In The Master and His Emissary, McGilchrist riffs on a parable from Nietzsche and uses it to illustrate a problem in brain lateralization. In the parable, a ruler’s kingdom grows to such a degree that he needs to dispatch his representative (an emissary) to govern the far reaches of the land. The narrow-minded emissary comes to believe he’s smarter than the master and usurps the master, becomes a tyrant, and eventually leading the once-flourishing kingdom to ruin.3 McGilchrist applies this fable to the brain and describes the right hemisphere as the master, the wise one who sees the world as a whole, and the left as the master’s emissary who is given a particular responsibility of executing tasks (abstracting, analyzing, categorizing, etc). The left hemisphere can’t see the whole picture. It loses the forest for the trees. And it’s myopia becomes problematic. Yet, in the modern world (say, the last 500 years — though I think this has been going on for longer than that), the left brain has usurped the right — the emissary has overthrown the master. The cultural results, as we’ve seen have been disastrous.
This is not the space to deal with all the ramifications of this takeover. The Enlightenment, rationalism, the hyper-emphasis on STEM, and so forth could all be part of the conversation. Because the left hemisphere tends to abstract, isolate, and grasp, we can conjecture it plays a role in shaping society’s individualistic tendencies and preying on a desire for control. German sociologist Hartmut Rosa describes this trait of modernity, saying, “The driving cultural force of that form of life we call ‘modern’ is the idea, the hope and desire that we can make the world controllable.”4 This is quite a task and one that causes some anxiety. Rosa observes that “we invariably encounter the world as a ‘point of aggressions’ or as a series of points of aggression.” This leads to “anxiety, frustration, anger, and even despair, which then manifest themselves, among other things, in acts of impotent political aggression.”5
Back to the brain. I believe most of us have a sense of what we think about in a given day (e.g., baseball, kids, what we’re eating for dinner, and a hundred thousand other things); few of us consider how we think. My own story may help to illustrate this point.

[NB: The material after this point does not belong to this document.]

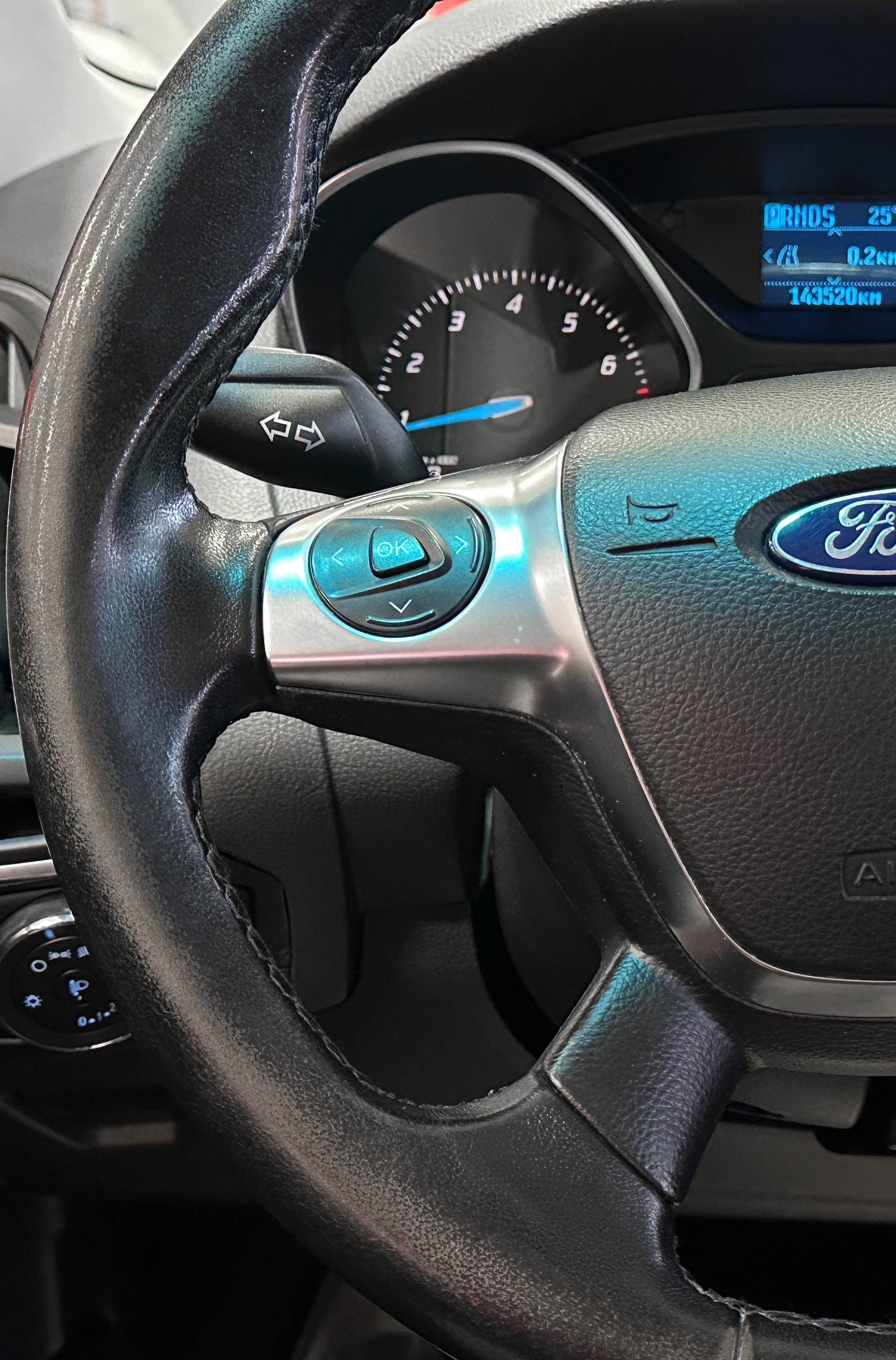 Ford Focus - фото 20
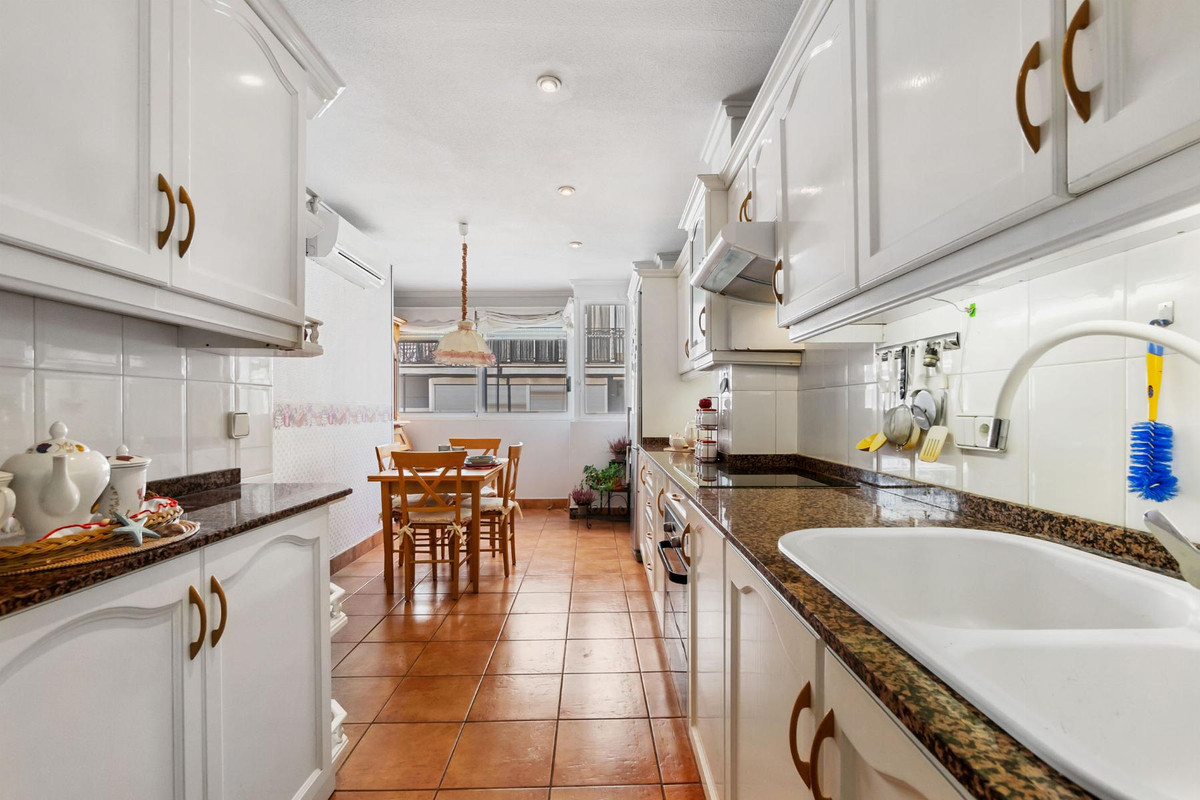 Appartement te koop in Torrevieja | 4 slaapkamers H5363284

As I wrap up my 17th year in the ministry field, I find it interesting to think about my own experience in ministry along the line of hemispherical difference. When I first began, I was a wide-eyed twenty-two-year-old. I didn’t know up from down or right from left. I was just going. And I was going hard at it. Lots of Holy Spirit fire and stuff like that. And, I saw God doing amazing things in the lives of teens (I was a youth minister at the time). Then, somewhere around 2012 or 2013, I was neck-deep in my MA in Theology and the New Evangelization became popular. FOCUS was making waves in college campus ministry and discipleship became all the rage. (Weddell’s Forming Intentional Disciples was published in 2012, for added context.) I got all caught up in this. The admixture of my academic pursuits, my shiny, new archdiocesan job, and the discipleship craze pushed my experience of ministry into a world of abstraction. Everything became linear and had to follow a kind of logic: process of evangelization; pathway for conversion; discipleship roadmap; discipleship thresholds; the divine renovation of a rebuilt parish. All of it has some value, but, for me, it caused analysis paralysis out the wazoo. I would draft schema after schema, each one innovating on my prior innovation. I studied the stats. I could spew them out and defend my plans. But, at the end of the day, it was all analysis, abstraction, and aggression. And it was dry. And I was dry. And tired.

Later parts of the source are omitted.